A Fault-Tolerant Soft Sensor Algorithm Based on Long Short-Term Memory Network for Uneven Batch Process

Abstract

Batch processing is a widely utilized technique in the manufacturing of high-value products. Traditional methods for quality assessment in batch processes often lead to productivity and yield losses because of offline measurement of quality variables. The use of soft sensors enhances product quality and increases production efficiency. However, due to the uneven batch data, the variation in processing times presents a significant challenge for building effective soft sensor models. Moreover, sensor failures, exacerbated by the manufacturing environment, complicate the accurate modeling of process variables.
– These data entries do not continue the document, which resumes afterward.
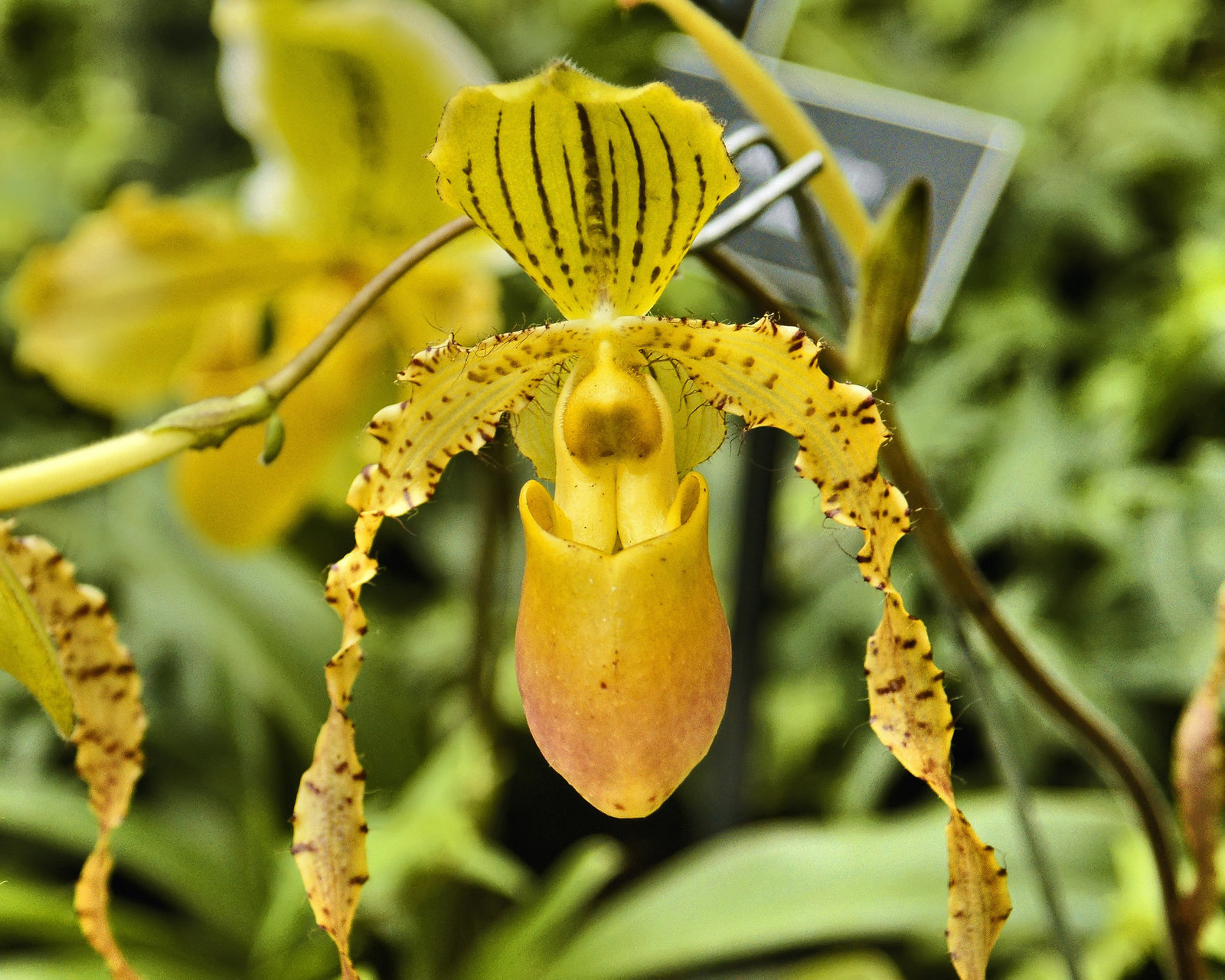 "Lady Slipper" Orchid – Phipps Conservatory, Pittsburgh, Pennsylvania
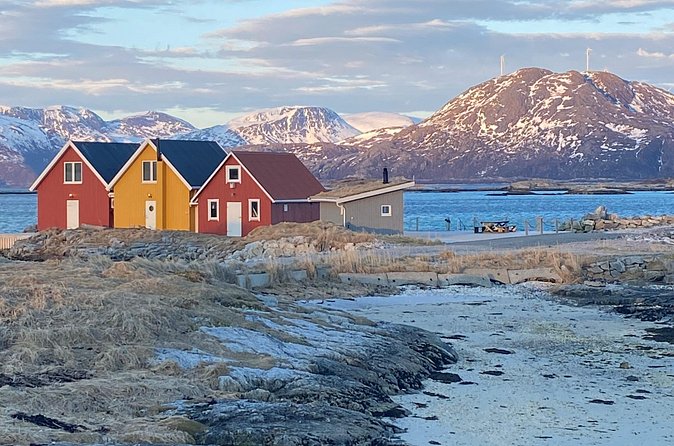 Tromsø Arctic Fjords Adventure Tour with Local Lunch - What You Actually Get for $180.44: Value Breakdown That Adds Up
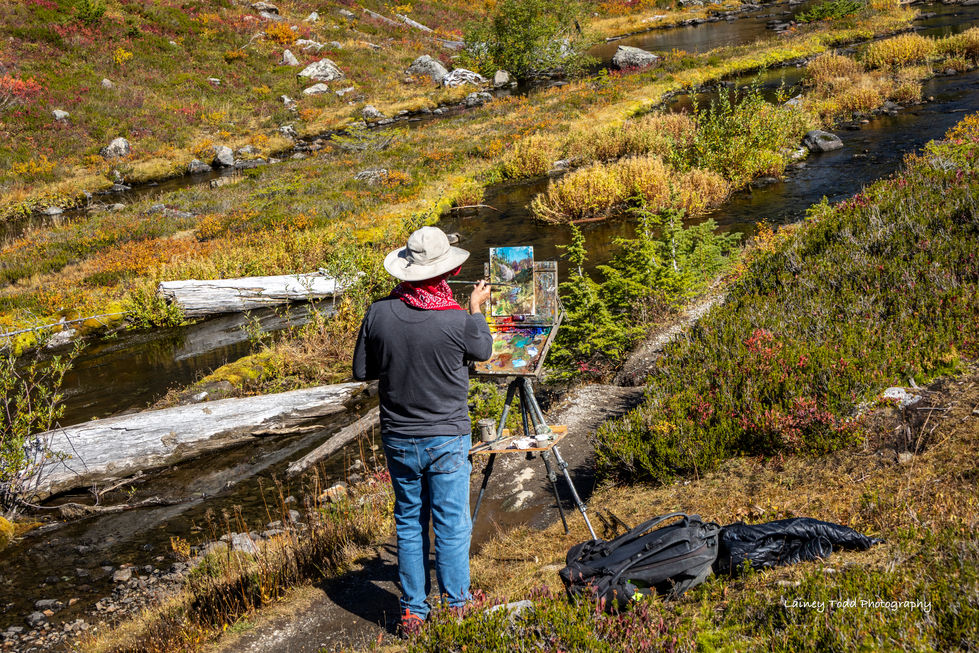 Artists Point Painter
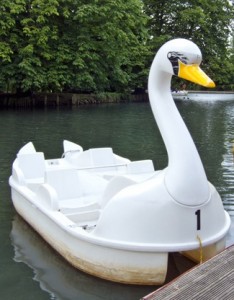 A 4-seater swan pedalo
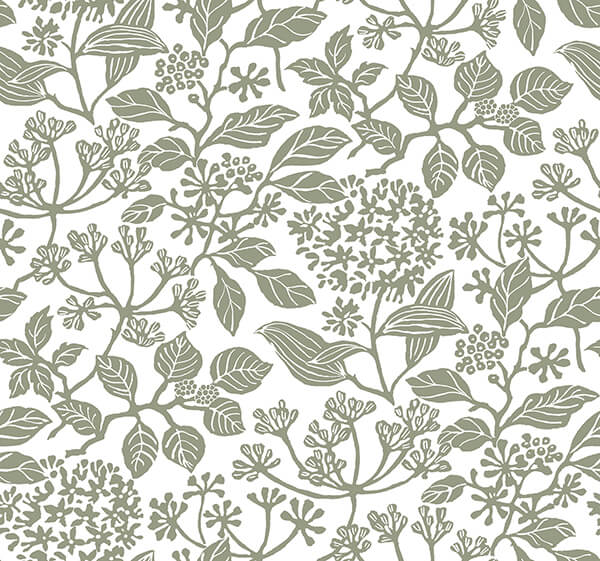 rowen-olive-botanical-wallpaper-york-wallcoverings-vp1343 - York Wallcoverings Wallpaper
Existing soft sensor approaches inadequately address sensor malfunctions, resulting in significant prediction inaccuracies. This study proposes a fault-tolerant soft sensor algorithm that integrates two Long Short-Term Memory (LSTM) networks. The algorithm focuses on modeling process variables and compensating for sensor failures using historical batch quality data. It introduces a novel method for converting quality variables into process rates to align uneven batch data. A case study on simulated penicillin production validates the superiority of the proposed algorithm over conventional methods, showing its capacity for precise endpoint detection and effectiveness in addressing the challenges of batch process quality assurance. This study offers a robust solution to the issues of soft sensor reliability and data variability in industrial manufacturing.